The new Cheech Marin Center for Chicano Art & Culture of the Riverside Art Museum opened June 18 in the former downtown public library building of Riverside, California.
It will feature paintings, photos, sculptures and drawings from the Chicano art movement, ranging from Frank Romero and Judithe Hernández to Gilbert “Magú” Luján and Patssi Valdez.
“This school of American art is incredibly important in its longevity and its reach, from coast to coast. It’s as important as the Hudson River Valley or Ash Can or anything else. It just hasn’t had its moment of glory yet,” says Marin, who was approached about creating the center by Riverside city officials after he exhibited in 2017 his collection at the Art Museum in Riverside, which is a majority-Latino city.
He has so far gifted 500 items from his more than 700-piece collection to the institution, whose new home underwent $13.3 million retrofit, funded by the state.
Tickets provide entry to both The Cheech and the Riverside Art Museum.
Marin, 75, a collector since childhood (baseball cards, marbles, stamps) — “that was always part of my deal” — devoted himself to collecting and promoting Chicano art after first discovering under-the-radar group of Texas painters in the late 1980s. He explains: “Some are a little more rural, some are a little more urban, but they’re cousins in the same family.”

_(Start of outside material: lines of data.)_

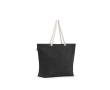 Strandtas van gerecycled katoen met lange hengsels 220 g/m2 kleur zwart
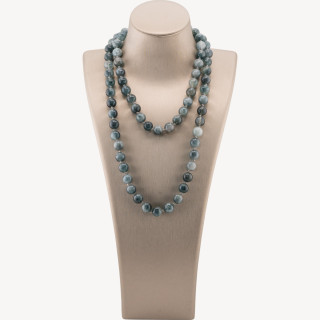 Collana Bijoux Charlestone Di Pietre Dure 10mm Annodate 90cm Giada Grigia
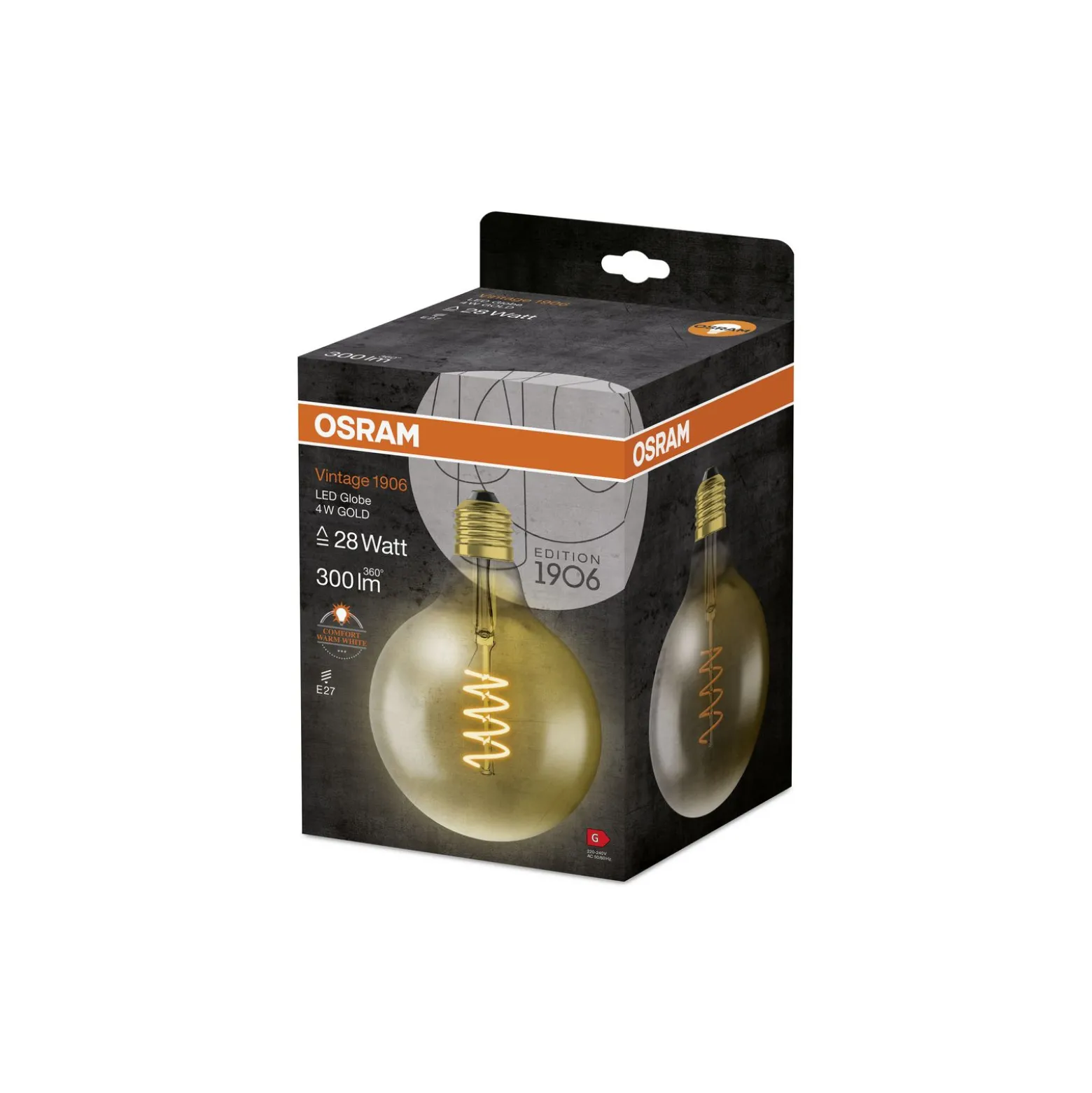 Osram Vintage 1906 LED E27 Globe Filament Guld 125mm 5W 250lm - 820 Extra Varm Vit | Ersättare 25W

Marin has bankrolled his collection with the help of his acting on TV’s Nash Bridges as well as voicing characters on Disney animated films, The Lion King and Cars to Coco and Beverly Hills Chihuahua.
The collection has been shown at many museums, including LACMA, Smithsonian and San Francisco’s De Young.
“My comeback was always ‘Well, I have this collection and you don’t,’ ” says Marin, claiming that the fine-art world had overlooked, condescended to and marginalized Chicano artists. “There was no answer to that, because I was out there collecting when nobody was taking this seriously.”
Zach Horowitz, the former chair and CEO of Universal Music Publishing Group who has since founded the Latino podcast company Pitaya, is fellow collector of Chicano art who serves on the board of the Museum of Latin American Art in Long Beach.
Says Marin: “What I’ve learned is there’s nothing more expensive than free gift,” experiencing sticker shock when he learned he’d have to pay for appraisal on each of his donated pieces. As a celebrity collector, he’s also found that some artists reveal an exploitative tendency to turn singular pieces he’s purchased into ex post facto series.
Chicano Vs. Latino
The museum and its educational component (including a filmmaking seminar by director Robert Rodriguez) intend to leverage Marin’s collection to explore fundamental questions, including the divide between those who identify as “Chicano” and the younger generation who associate with the term “Latino.”
“What we’re doing is weaving tales about the collection,” says artistic director María Esther Fernández. “We’re looking at the works together and individually, how they’re in conversation thematically, politically, artistically, conceptually, visually, historically.”
At first, The Cheech will highlight works from the late painter Carlos Almaraz — subject of the 2020 Netflix documentary Playing With Fire — as well as Glugio “Gronk” Nicandro, a multidisciplinary artist who was member of the Dada-influenced East L.A. collective Asco.
Marin’s home in Pacific Palisades, which he shares with his third wife, the classical pianist Natasha Rubin, has for years been a pilgrimage stop for the top-tier art collecting likes of Steve Martin.
Marin provided a tour, from dining room to upstairs bathroom and master bedroom. Between ardent meditations on brush technique and museum-caliber hanging systems, he mused on his durable entertainment career (“I’ve always existed outside the main framework of show business”) as well as his intermittent periods of artwork deaccession (“It’s called divorce”).
His multiple marijuana ventures: “You have to invent the wheel in every state,” he muses on the regulatory hassles associated with the so-called cannabis green rush. This year he’s debuted Muncheechos, a delivery concept involving ghost kitchens, as well as a separate weed line launched with Tommy Chong. He already had Cheech’s Stash, a curated offering of pre-rolls, proprietary strains and natural edibles.
The nuances of artwork display is overwhelming. Even with an amply sized building, the museum expects half a decade before it cycles through the entirety of Marin’s collection. “We want people to turn every corner and there’s some knockout piece with its own dedicated wall,” he says.